The whole world of wine may be moving towards lighter, fresher, more subtle accents these days, but bold is what you want on a boat. This especially applies when disporting the guests on deck, where, in even the slightest breeze, half the pleasure of wine can literally be blown overboard. We get as much pleasure out of wine, if not more, through its aromas as through its taste, even if we’re not always aware of it.
This is where big glasses shine. If your guests are like me and spend as much time sniffing their wine as actually drinking it, offer them something they can get their whole face into. Riedel make the best glasses - choose from the “Vinum” range for parties and keep the quivering-thin “Sommeliers” for casual evenings with the best bottles on board.
For reds, you want lots of Rhône grape varieties, especially Shiraz, as well as big zinfandels and the best Argentine Malbecs, which can all stand up for themselves in a blow. For Bordeaux, onboard drinking is one of the few times when I'm likely to put my money on uber-wine critic Robert Parker's recommendations.
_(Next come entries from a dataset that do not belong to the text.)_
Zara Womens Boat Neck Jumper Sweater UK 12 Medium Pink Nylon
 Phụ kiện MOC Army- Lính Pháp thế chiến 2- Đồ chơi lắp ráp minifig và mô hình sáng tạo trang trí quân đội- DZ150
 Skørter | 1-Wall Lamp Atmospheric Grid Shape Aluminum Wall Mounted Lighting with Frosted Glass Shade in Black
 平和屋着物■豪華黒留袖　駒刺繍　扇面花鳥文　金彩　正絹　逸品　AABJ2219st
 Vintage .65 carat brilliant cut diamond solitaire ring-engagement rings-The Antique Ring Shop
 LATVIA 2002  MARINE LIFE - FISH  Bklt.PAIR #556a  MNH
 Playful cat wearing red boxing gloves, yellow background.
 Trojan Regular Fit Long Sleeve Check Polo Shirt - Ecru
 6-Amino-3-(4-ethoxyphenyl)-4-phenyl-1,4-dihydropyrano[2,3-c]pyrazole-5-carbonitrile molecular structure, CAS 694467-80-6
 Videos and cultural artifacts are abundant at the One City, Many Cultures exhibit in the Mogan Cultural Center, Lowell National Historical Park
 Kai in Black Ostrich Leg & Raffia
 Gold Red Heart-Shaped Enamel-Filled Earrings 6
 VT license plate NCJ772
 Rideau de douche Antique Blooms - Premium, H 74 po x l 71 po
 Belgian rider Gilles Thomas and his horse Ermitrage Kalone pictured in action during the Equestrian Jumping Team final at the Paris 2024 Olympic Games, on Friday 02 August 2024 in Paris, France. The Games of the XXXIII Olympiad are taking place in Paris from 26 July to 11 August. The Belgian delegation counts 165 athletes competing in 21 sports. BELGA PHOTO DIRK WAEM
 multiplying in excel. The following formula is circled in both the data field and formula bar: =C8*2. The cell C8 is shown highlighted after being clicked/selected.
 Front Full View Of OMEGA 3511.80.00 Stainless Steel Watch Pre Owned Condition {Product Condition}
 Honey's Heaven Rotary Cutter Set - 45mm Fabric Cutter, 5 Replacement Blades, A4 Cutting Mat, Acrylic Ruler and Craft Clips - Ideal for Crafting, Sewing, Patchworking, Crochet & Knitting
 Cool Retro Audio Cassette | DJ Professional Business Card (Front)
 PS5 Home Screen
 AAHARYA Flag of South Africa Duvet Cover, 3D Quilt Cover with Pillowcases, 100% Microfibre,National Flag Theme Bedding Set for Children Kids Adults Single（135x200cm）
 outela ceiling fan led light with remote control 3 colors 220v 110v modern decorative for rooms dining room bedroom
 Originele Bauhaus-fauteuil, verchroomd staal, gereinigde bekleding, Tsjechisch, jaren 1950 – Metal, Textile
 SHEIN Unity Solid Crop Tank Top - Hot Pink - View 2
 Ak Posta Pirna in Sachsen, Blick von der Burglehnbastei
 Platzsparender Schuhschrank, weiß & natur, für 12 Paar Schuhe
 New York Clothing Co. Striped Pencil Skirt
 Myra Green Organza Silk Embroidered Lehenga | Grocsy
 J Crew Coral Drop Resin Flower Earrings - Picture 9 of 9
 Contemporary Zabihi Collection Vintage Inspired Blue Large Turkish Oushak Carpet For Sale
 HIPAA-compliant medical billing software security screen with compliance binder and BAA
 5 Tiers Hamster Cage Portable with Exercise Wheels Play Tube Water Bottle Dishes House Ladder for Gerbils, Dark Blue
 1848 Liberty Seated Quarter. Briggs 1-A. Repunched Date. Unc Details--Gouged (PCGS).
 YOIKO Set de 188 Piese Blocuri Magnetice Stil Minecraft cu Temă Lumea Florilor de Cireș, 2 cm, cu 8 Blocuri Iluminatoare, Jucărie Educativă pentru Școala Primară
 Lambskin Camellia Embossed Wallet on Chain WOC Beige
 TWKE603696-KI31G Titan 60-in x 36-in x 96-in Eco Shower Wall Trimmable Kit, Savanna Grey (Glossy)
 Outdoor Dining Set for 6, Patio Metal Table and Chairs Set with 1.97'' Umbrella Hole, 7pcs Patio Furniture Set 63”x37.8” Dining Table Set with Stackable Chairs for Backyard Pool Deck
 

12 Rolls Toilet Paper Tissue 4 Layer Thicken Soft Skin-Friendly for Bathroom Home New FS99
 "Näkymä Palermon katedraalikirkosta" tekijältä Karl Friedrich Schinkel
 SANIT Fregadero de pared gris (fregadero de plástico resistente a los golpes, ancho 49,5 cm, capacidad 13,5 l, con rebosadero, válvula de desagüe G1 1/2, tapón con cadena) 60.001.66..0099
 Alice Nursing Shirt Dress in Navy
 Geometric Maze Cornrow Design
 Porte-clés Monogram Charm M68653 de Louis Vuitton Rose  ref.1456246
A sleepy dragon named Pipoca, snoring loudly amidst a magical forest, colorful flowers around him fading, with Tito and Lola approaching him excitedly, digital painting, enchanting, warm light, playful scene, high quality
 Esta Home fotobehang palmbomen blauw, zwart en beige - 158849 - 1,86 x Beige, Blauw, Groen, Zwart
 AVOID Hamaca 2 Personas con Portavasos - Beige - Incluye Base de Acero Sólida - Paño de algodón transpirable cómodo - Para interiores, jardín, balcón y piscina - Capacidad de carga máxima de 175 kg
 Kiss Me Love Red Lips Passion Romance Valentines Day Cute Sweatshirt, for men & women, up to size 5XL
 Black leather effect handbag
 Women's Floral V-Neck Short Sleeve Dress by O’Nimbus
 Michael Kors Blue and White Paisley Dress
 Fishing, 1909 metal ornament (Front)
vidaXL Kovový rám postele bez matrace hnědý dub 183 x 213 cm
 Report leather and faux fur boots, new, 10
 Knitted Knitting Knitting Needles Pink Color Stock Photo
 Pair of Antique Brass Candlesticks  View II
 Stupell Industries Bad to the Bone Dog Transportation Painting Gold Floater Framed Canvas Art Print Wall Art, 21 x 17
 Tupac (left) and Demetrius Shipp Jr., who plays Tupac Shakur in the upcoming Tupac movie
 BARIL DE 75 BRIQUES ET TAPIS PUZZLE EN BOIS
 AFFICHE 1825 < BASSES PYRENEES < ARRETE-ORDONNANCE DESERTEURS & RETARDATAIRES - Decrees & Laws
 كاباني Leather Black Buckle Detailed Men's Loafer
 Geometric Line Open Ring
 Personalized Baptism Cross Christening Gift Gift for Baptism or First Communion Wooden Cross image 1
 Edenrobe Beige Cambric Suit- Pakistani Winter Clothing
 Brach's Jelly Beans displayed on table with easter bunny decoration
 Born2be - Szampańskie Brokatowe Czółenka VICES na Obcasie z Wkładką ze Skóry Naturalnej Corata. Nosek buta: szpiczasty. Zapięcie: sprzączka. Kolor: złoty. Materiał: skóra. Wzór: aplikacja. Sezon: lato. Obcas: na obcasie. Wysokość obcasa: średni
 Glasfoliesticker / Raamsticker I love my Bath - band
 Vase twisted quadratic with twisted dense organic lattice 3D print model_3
He favours the kind of up-front, “fruit-bomb” styles we're looking for over the subtler accents more likely to find favour with, say Jancis or the Wine Spectator.
As for whites, again finesse has to take second place to power. The “less-is-more” Chablis take on chardonnay just won't be able to make itself heard, or tasted, in a gaggle of big-hair Californian, Australian and even Southern Burgundy versions, especially from Pouilly-Fuissé. Another tip is not to over-chill chardonnays like these and risk losing all those buxom, vanilla and butter aromas.
Another good choice for whites are aromatic grapes like sauvignon blanc and Riesling, especially from the New World, which are also less sensitive when it comes to the question of chilling. Perfumed grapes like gewurztraminer, Muscat and viognier come into their own out of doors, as well.
For rosé, it's best to choose grapes that make big red wines and Portugal is my current source of choice – given that grapes like touriga nacional and tinta roriz make Port in their day jobs, it's hardly surprising the pinks have plenty of stuffing.
Big bottles always lend a buzz to any bash. As far as names and sizes go, a magnum is equivalent to two standard bottles; a double-magnum is four (and is called a jeroboam in Champagne and Burgundy, while in Bordeaux that's the six-bottle size) so it's all perfectly straightforward. Of the heavyweights, an imperial is eight; a salmanazar is a dozen; a balthazar sixteen and a nebuchadnezzar is a hard-to-handle twenty.
But it’s probably best to stick magnums...unless you're tied up.